Guppies breed... that's their most important feature... they breed and breed, and then breed some more. This is kind of cool, the first time, but you have to make sure you're prepared for it, make sure you have a big tank... yes yes, they're little fish, but even if you only buy a few they will soon fill up every available inch of water with little guppies. 

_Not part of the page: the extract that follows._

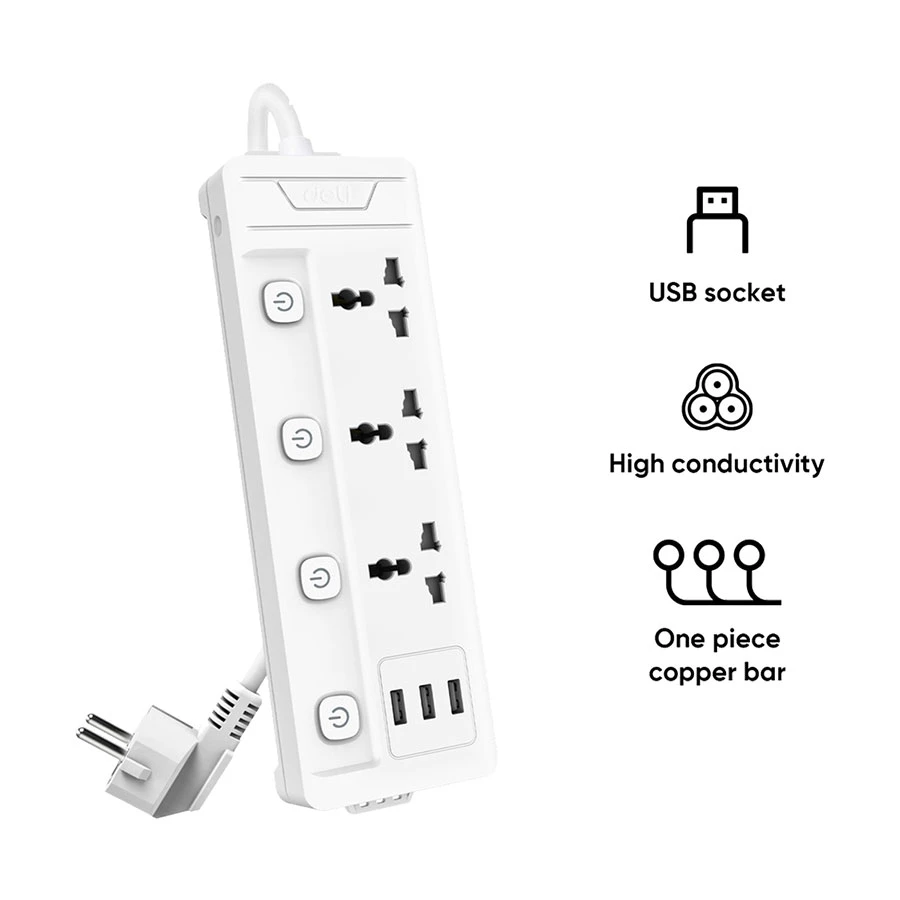 Deli 2 Pin 3 Port Power Strip # ET410, (3 x USB) (2 Meter)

So, if I were to keep guppies again I would do it in at least 40 or 50 gallons, and make sure I had really good filtration, because although guppies might not mind packing themselves in their numbers do effect water quality. I've found it also helps to have somewhere for extra guppies to go... say in the bellies of bigger fish, or hungry turtles, which is where my guppies all eventually ended up.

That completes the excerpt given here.